I hate spending money on computers. I usually get one every 10 years. last year was my lucky year.

Just tried. All is really snappier. The module browser. Wow. Thanks so much.

@fstop - you may try to lower the sampling rate of the engine by hand (as via menu you can only go down to 44100) in the settings-v1.json file to 32000 or 22050 - this lowers the cpu usage quite a bit and makes more modules possible on low end hardware if you do not have any other option

good luck and best wishes - hexdump

2 Likes

This was the thought once Rack v1 first came out. I don’t doubt it’s true, as I have done things like place my laptop on a fan cooled stand and they have helped. This build seems to help an order of magnitude more to me though, but I probably should not use precise language as I have zero data to back that up.

Thanks for the info! Sounds very interesting, I will try it soon… but currently I’m not maintaining the arm test build, because of the low response…

1 Like

I would love to try your ARM test build, if you have a compiled version?

FWIW i think the low response might be cause there is no straight forward methode yet for trying the build, and it involves some steps going through hoops to set it up, is that correct?

1 Like

I believe it.on current MacBooks they say that powering it through the left side heat up worse than the right side! Don’t know if it’s true, but I use the right side at work (I don’t have a Mac at home).

You’re right, there are some drawbacks compared to a translated Rosetta version of Rack; first of all you have to recompile all plugins and bundle it with the binary and the other big problem is, that on macOS app’s have to be singed in order to run, else you get a message that the application is corrupted and you have to reset some gatekeeper flag by hacking commands on the terminal, which is a nogo for the most user. Anybody know how to sign an app? Didn’t figure it out and the Apple support pages are not clear to me… :wink:

1 Like

Yeah, it’s a pretty huge pain, I just went through that process with some of my plugins. The main blocker is that you need an “Apple Developer Account” which costs money. I’d be happy to donate my developer account credentials to this cause, but that’s probably something we should discuss in a private message.

From there, I was able to make signed builds by changing some settings in my CMake configuration. If you’re using the standard Rack Makefile setup I think you would just have to run an extra command or two after building. I have some decent guesses as to what those commands would be.

Anyway, feel free to ping me if you’d like to chat about it more.

2 Likes

T hat sounds about right. also, aren’t apps signed with a developer account “different” that ones signed “for real”? I’m not sure about this, but maybe the mac security settings need to be different to all running dev signed? Or I could be totally wrong about this…

Have you spoken to Andrew Belt about these changes?

I didn’t know you could lower it in the json. Thanks.

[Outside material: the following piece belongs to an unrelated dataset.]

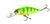 Воблер Shad-X (Original) 8 см, колір 001, 13 г, арт. LJO0308F-001 LJO0308F-009 фото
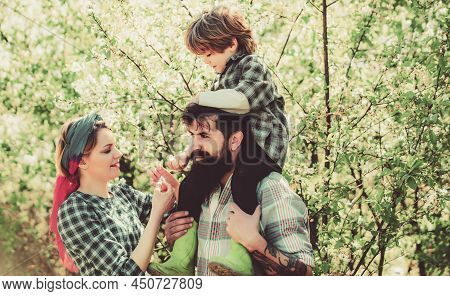 Happy Family In Garden. Lifestyle And Family Life. Small Boy With Father And Mother In Orchard In Sp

this version is performing great on my machine. my eGPU fan is barely noticeable and the eGPU itself (which i bought due to heat issues) isnt even warm. with the official build the eGPU would get pretty hot and the fan would immediately kick on when opening the module browser. kind of miss the port lights but the macOS problems seem to have been vastly improved with this. thanks so much for the effort.

3 Likes

Nice work! I’m typing this message, and browsing the internet, while Rack is playing in the background. I wouldn’t have been able to do this without audio hiccups before.

3 Likes

Here is bugreport on GitHub about macOS fix.

2 Likes

Thanks Dmitry

For reference, here’s Andrew’s answer:

Rack v2 doesn’t use an engine thread at all. All engine processing is done on the audio thread which is realtime by default. It works better because no thread communication is needed between the audio drivers and graph processing of modules.

I hope it can be interpreted as “in V2 there will be better engine performance and realtime is default”. I’m not knowledgable enough, but I wonder if this means that processing a patch will abandon the multithreaded approach (like Apache webserver) and instead operate on a tight loop in one thread (like Nginx webserver, node.js) at max. speed and priority. Someone with knowledge of the Rack engine help me out here…

I don’t have insights in Rack v2 but this is my interpretation:
In Rack v1 there is a engine thread which “drives” the whole thing, coordinating all dsp-threads for processing the dsp of the modules. There is also a thread in the audio module which handles the audio driver for the selected output and input device. Obviously the engine thread and the audio module thread must work tightly together because of the block size and buffering. This is also the reason why multiple audio modules do not work in Rack v1.
In Rack v2 one of the audio modules is selected as “master module” which takes the role of the engine thread driving the dsp-processing. The dsp should be done by multiple threads like in v1.